Task inputs »
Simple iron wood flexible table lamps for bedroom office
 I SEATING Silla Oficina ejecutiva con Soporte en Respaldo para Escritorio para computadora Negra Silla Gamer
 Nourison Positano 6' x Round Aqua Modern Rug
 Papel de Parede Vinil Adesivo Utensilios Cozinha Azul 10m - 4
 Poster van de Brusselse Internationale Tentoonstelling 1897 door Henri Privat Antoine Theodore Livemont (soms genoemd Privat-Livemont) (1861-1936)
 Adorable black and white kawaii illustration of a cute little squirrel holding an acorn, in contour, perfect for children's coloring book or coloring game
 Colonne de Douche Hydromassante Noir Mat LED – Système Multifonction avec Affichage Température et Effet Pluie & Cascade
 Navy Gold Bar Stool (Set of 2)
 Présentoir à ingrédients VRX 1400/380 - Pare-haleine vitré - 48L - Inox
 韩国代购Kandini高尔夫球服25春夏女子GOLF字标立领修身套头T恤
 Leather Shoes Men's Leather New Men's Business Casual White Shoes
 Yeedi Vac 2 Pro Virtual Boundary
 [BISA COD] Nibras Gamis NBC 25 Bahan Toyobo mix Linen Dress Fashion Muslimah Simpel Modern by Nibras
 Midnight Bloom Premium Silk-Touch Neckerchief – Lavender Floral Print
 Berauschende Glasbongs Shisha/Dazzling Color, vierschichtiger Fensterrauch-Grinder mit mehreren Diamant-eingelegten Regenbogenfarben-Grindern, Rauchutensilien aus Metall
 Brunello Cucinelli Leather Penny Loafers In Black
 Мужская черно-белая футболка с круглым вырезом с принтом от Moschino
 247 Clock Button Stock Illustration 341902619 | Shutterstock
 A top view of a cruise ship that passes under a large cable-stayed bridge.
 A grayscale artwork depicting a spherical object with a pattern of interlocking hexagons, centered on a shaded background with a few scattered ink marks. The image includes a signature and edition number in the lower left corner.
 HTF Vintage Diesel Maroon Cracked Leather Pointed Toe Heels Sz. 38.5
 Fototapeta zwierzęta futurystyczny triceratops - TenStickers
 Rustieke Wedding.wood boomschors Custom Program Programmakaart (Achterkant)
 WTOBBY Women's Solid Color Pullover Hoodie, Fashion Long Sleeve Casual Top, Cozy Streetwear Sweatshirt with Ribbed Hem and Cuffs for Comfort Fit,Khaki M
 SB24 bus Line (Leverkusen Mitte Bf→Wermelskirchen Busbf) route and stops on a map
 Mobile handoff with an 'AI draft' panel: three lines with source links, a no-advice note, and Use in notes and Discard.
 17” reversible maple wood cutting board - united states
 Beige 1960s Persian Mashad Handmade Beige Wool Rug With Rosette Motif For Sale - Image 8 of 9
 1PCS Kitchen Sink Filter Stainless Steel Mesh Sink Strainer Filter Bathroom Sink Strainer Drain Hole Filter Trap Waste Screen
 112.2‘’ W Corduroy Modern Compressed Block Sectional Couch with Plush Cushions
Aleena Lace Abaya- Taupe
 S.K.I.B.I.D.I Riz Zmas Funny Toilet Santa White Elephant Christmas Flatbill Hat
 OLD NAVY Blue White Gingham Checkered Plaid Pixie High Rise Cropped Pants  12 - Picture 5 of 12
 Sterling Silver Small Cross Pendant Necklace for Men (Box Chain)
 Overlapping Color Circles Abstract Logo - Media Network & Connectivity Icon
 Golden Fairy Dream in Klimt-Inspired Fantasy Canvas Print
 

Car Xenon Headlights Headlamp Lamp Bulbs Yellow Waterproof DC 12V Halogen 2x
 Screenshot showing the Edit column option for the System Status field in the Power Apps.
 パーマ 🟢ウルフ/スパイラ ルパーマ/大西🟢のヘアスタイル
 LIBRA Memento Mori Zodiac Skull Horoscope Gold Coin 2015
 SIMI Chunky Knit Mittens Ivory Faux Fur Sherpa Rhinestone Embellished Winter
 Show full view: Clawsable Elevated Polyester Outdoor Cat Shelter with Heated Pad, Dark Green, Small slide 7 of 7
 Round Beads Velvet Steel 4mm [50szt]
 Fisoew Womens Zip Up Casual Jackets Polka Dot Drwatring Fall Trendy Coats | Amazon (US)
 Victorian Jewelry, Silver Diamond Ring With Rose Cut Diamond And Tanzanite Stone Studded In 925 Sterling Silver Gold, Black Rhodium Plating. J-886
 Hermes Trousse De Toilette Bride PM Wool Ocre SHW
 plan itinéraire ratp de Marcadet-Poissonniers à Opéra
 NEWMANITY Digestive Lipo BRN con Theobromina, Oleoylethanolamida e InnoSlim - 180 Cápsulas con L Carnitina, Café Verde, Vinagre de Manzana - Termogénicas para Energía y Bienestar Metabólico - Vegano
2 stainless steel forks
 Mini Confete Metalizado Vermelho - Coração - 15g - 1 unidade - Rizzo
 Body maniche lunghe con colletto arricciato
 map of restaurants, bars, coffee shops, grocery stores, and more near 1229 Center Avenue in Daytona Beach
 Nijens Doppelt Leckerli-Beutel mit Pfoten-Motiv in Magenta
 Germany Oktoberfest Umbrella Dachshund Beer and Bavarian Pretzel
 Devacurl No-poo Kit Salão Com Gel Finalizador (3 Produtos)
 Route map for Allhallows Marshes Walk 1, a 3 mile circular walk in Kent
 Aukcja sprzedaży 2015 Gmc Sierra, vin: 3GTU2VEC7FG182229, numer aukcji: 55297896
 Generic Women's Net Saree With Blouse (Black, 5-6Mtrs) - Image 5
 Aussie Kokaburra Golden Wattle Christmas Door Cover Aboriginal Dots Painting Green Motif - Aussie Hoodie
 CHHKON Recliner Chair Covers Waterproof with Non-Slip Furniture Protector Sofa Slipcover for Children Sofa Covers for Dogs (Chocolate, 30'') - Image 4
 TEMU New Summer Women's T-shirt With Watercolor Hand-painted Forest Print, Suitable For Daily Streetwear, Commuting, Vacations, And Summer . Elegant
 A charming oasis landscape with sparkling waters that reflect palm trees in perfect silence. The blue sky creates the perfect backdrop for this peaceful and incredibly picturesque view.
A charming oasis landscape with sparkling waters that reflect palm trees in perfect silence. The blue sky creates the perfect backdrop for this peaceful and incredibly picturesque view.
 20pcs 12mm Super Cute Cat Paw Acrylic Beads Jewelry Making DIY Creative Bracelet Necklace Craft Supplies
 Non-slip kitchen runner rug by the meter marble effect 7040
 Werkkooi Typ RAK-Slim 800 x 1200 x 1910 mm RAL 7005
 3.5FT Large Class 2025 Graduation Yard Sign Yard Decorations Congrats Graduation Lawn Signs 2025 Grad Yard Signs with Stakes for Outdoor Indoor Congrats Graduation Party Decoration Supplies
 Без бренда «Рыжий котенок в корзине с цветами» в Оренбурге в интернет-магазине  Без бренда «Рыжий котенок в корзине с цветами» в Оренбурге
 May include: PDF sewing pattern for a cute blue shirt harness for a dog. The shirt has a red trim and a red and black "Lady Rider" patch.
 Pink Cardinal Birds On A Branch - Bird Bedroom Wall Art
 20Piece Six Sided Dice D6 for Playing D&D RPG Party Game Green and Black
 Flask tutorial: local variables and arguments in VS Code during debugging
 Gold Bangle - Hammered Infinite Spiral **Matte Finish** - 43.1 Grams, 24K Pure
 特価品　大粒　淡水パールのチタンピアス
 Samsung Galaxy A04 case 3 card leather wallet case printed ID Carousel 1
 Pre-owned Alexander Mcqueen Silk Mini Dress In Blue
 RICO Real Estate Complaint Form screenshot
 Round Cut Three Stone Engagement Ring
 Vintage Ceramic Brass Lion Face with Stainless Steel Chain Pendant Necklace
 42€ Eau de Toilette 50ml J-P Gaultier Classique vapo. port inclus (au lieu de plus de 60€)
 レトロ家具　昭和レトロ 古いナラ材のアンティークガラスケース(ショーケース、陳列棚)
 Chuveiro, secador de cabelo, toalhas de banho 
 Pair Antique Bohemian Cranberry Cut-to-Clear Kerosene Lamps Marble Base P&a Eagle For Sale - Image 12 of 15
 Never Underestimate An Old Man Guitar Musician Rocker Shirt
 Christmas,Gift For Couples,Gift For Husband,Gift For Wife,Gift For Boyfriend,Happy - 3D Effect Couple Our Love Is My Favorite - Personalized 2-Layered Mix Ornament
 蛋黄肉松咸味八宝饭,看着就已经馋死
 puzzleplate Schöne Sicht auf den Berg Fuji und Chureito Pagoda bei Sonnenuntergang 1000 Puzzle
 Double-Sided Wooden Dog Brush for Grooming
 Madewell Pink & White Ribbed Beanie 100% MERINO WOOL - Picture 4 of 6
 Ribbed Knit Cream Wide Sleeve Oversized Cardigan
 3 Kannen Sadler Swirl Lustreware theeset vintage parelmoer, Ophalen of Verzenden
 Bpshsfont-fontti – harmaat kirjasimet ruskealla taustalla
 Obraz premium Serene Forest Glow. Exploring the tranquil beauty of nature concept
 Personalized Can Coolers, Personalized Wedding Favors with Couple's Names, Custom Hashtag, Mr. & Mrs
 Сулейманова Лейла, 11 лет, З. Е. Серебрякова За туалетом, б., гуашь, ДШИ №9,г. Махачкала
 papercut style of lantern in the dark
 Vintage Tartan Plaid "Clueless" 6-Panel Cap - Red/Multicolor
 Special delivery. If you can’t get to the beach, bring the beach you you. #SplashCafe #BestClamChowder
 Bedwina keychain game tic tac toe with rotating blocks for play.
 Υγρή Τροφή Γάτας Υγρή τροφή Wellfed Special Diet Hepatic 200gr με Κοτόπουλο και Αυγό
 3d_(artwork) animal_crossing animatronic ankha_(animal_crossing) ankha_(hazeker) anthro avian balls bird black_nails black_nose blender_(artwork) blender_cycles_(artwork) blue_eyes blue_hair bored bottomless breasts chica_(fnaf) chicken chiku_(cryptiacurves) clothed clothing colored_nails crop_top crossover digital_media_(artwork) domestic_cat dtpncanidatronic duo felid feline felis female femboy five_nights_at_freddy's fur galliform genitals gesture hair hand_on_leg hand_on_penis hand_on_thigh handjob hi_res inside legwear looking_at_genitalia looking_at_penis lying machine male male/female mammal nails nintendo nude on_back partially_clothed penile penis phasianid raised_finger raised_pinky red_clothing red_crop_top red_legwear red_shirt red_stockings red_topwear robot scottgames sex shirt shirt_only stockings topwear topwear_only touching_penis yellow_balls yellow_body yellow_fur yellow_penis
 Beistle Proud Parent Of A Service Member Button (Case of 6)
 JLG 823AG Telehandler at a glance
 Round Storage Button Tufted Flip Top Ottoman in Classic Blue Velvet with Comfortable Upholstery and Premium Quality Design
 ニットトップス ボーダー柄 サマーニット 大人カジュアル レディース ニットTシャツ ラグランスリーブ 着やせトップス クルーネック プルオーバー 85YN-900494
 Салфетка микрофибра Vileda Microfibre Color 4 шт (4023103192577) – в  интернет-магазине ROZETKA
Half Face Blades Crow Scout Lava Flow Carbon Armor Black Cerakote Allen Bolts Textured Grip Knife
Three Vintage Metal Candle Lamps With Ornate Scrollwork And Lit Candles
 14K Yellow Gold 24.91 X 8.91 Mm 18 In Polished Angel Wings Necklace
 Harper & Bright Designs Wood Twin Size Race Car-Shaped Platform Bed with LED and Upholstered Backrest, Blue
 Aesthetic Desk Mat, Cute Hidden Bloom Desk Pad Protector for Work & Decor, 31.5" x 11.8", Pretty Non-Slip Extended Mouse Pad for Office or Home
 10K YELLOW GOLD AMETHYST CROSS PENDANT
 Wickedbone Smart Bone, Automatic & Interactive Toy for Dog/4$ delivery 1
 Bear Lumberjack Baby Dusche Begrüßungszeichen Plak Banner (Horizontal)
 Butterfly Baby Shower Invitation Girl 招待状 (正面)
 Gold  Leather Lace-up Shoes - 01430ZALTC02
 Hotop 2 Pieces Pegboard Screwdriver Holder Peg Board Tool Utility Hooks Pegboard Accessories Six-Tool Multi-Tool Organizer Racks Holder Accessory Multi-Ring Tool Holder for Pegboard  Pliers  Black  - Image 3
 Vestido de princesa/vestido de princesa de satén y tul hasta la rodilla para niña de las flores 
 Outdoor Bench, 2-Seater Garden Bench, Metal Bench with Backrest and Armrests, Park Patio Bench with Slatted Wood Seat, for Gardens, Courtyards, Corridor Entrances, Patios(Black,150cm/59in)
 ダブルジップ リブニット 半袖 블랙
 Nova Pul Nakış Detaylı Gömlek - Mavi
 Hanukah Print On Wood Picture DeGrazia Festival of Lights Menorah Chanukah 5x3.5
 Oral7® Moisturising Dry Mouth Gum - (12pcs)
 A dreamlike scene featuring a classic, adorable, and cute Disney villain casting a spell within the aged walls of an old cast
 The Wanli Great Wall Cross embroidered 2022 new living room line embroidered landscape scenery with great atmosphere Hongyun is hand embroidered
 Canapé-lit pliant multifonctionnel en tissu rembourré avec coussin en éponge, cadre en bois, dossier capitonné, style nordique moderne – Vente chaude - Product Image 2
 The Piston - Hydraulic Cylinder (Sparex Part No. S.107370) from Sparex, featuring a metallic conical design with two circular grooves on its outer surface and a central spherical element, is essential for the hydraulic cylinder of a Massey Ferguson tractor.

Assignment » Take the line above containing "Vestido de princesa/vestido", the line containing "Oral7® Moisturising Dry Mouth Gum - (12pcs)", and all lines in between, and copy them exactly without anything else.

Solution to the problem »
 Vestido de princesa/vestido de princesa de satén y tul hasta la rodilla para niña de las flores 
 Outdoor Bench, 2-Seater Garden Bench, Metal Bench with Backrest and Armrests, Park Patio Bench with Slatted Wood Seat, for Gardens, Courtyards, Corridor Entrances, Patios(Black,150cm/59in)
 ダブルジップ リブニット 半袖 블랙
 Nova Pul Nakış Detaylı Gömlek - Mavi
 Hanukah Print On Wood Picture DeGrazia Festival of Lights Menorah Chanukah 5x3.5
 Oral7® Moisturising Dry Mouth Gum - (12pcs)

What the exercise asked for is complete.